Reinforcement Learning with Verifiable Rewards (RLVR)

A training method that rewards models based on objectively checkable outcomes, like whether a math answer is correct or whether code passes its test suite, removing the subjectivity of human or AI judges from the training signal.

In standard RLHF, a human rater decides which response is better, introducing subjectivity. Reinforcement Learning with Verifiable Rewards, or RLVR, replaces that judgment with an automated check: run the code and see if the tests pass, verify the math against the known answer, or check whether a proof holds. Because the reward signal is unambiguous, the model gets clearer feedback about what "correct" means. DeepSeek-R1 and similar reasoning models used this approach extensively, which is a key reason they perform so well on math, coding, and formal logic tasks.

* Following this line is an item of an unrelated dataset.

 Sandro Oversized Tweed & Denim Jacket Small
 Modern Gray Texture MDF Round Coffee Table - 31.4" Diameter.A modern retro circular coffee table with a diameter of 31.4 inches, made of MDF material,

The limitation: it works best in domains where correctness can be checked automatically.

Builder example

RLVR explains why modern reasoning models excel at coding and math: those domains have cheap, reliable verification. Whenever your task has a clear right answer you can check programmatically, models trained with RLVR will tend to perform well. Tasks involving judgment, strategy, or nuance, where "correct" is ambiguous, are harder to improve with this approach.

Common confusion: RLVR does not make a model good at everything. It specifically strengthens performance in domains with verifiable answers and has less impact on open-ended tasks like writing advice or strategic recommendations.